Woven around a the twin motifs of a single mournful string melody, and the ever present rhythm of the waves, the 20th Century and its symphonic post-rock score ebbs and flows like the tides from hope and triumph to disaster and ruin and back again. Particularly moving is the Edwardian seaside horseplay - galavanting in the shallows, moustachioed men and all - which morbidly segues effortlessly into bags being packed for the First World War and bravado-laced armed drills. The sextet’s martial military rhythm underpins this and one can’t help but wonder if the mountains of mackerel that follow, the harvest of the sea, are a metaphor for a million dead.
Interwar optimism follows before BSP tighten their sonic fist and rattle bones with four minutes of pummelling noise, soundtracking dive-bombings and a nation steeling itself for an invasion. As the war draws to a close, strings and brass echo and amplify the foghorns of devastation.

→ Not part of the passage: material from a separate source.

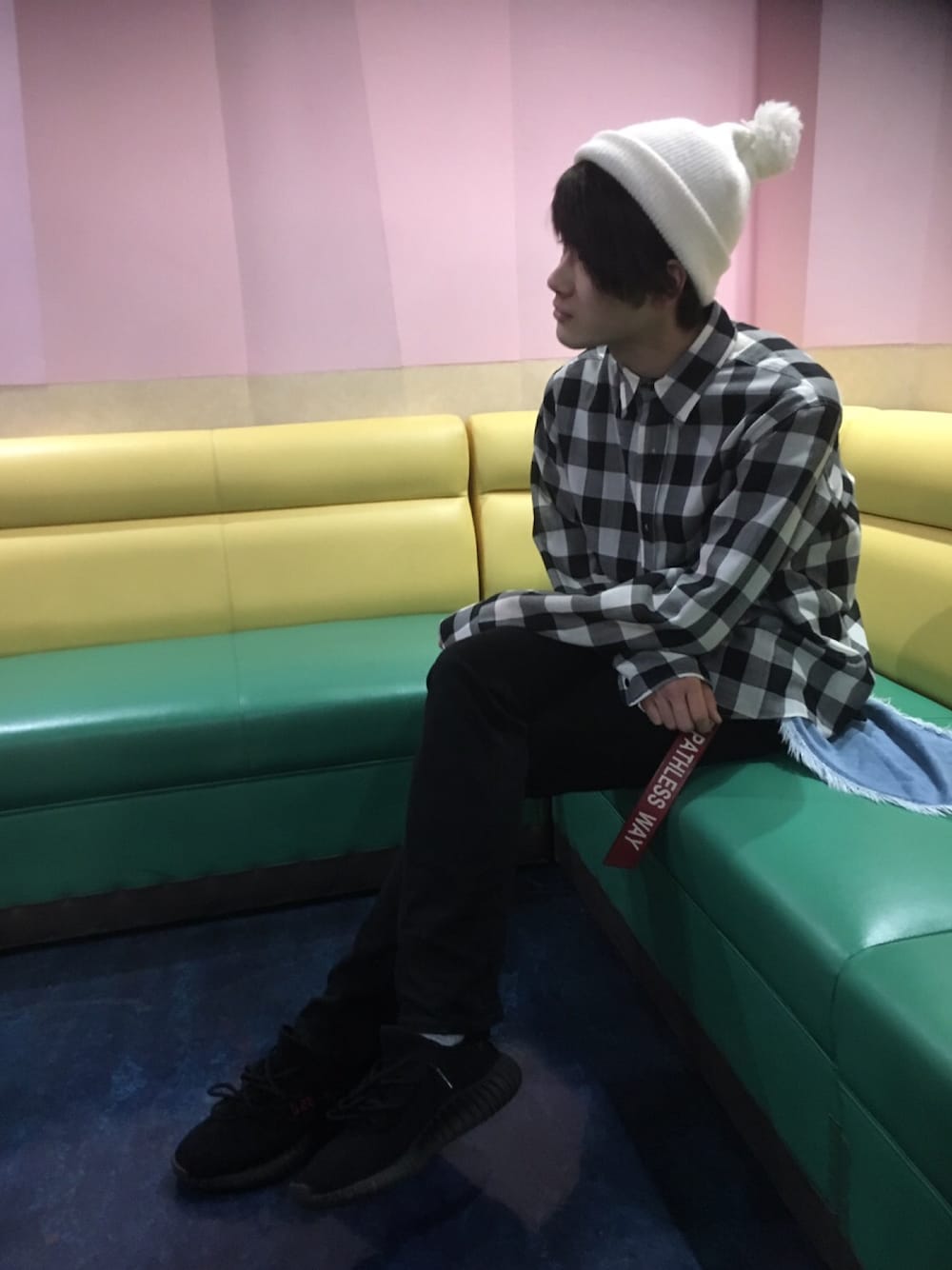 「UVERworld、TAKUYA∞、黒スキニー」｜「WEGOのWEGO/無地ポンニットキャップ（ニットキャップ/ビーニー、ホワイト系）」を使った、FUJIさん（メンズ・175cm）の冬コーディネートの1枚目の写真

Sparing the small audience’s ears, BSP take us warmly by the arm and strike up the jaunty big band swing of the mass immigration era and the dream of a brighter future.
Though the score is largely instrumental, Jan Scott Wilkinson’s choked vocal occasionally rises up above the swell and gives rise to one of the most spine-tingling moments of all, the soft and sublime repeated mantra of ‘We’re all in it ‘til we close our eyes’. Bleak on the face of it, but with the musical language flipped once more below the vocals, a hopeful beam of light peeks through again.
‘From The Sea To The Land Beyond’ is a monumental achievement, a treat for the eyes and ears. The secret isn’t in the precedence of the visuals or the music, rather a perfect symbiosis between the two that heightens the effect of the other. British Sea Power rightly deserve their standing ovation tonight. A spellbinding performance and, indeed, creation.